Yi Yang  and Xiaodong Song, a pair of researchers at Peking University’s SinoProbe Lab at School of Earth and Space Sciences, have captured “surprising observations that indicate the inner core has nearly ceased its rotation in the recent decade and may be experiencing a turning-back in a multidecadal oscillation, with another turning point in the early 1970s,” according to a study published on Monday in Nature Geoscience.

https://www.vice.com/en/article/xgy...ped-and-may-be-reversing-direction-study-says

maximus otter
 

Earth’s Core Has Stopped and May Be Reversing Direction, Study Says


Earth’s inner core has recently stopped spinning, and may now be reversing the direction of its rotation, according to a surprising new study that probed the deepest reaches of our planet with seismic waves from earthquakes.

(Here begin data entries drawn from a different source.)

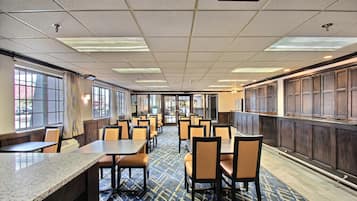 Free continental breakfast on weekends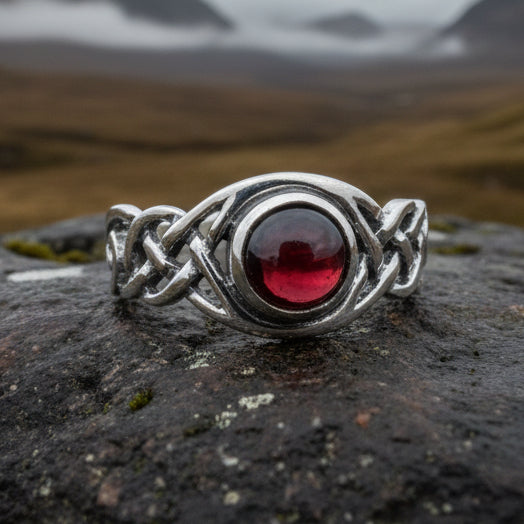 Leah Celtic Knot Ring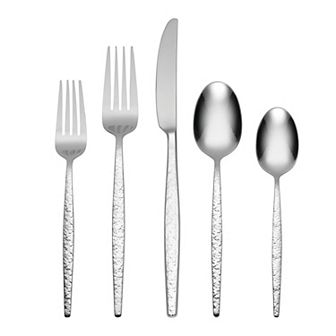 Oneida Revolve 20 pc Flatware Set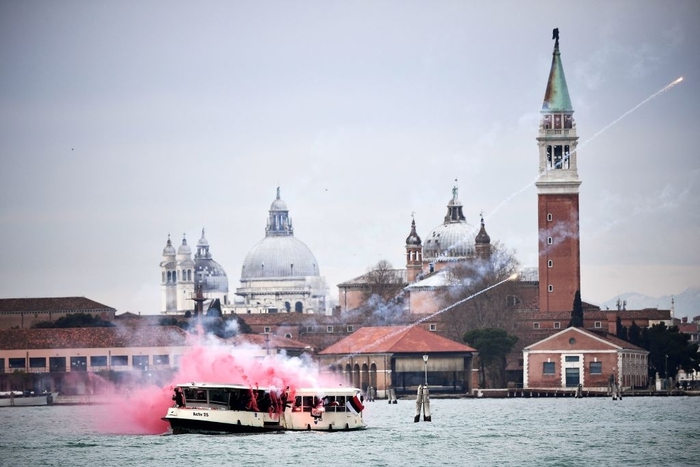 Chán đánh nhau trên bộ, fan đội bóng lừng danh Italy và ultras đối thủ &quot;thủy chiến&quot; trên biển Venice - Ảnh 2.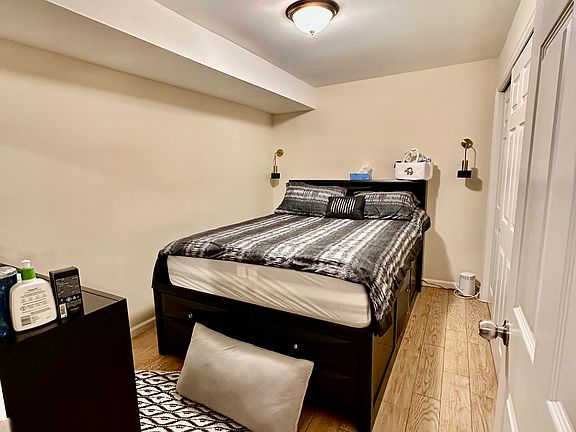 2nd image of 3160 Fairmount Ave #1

The mind-boggling results suggest that Earth’s center pauses and reverses direction on a periodic cycle lasting about 60 to 70 years, a discovery that might solve longstanding mysteries about climate and geological phenomena that occur on a similar timeframe, and that affect life on our planet.

Yi Yang  and Xiaodong Song, a pair of researchers at Peking University’s SinoProbe Lab at School of Earth and Space Sciences, have captured “surprising observations that indicate the inner core has nearly ceased its rotation in the recent decade and may be experiencing a turning-back in a multidecadal oscillation, with another turning point in the early 1970s,” according to a study published on Monday in Nature Geoscience.

https://www.vice.com/en/article/xgy...ped-and-may-be-reversing-direction-study-says

maximus otter
Buying more 'bags for life' and removal of all gas boilers will solve this.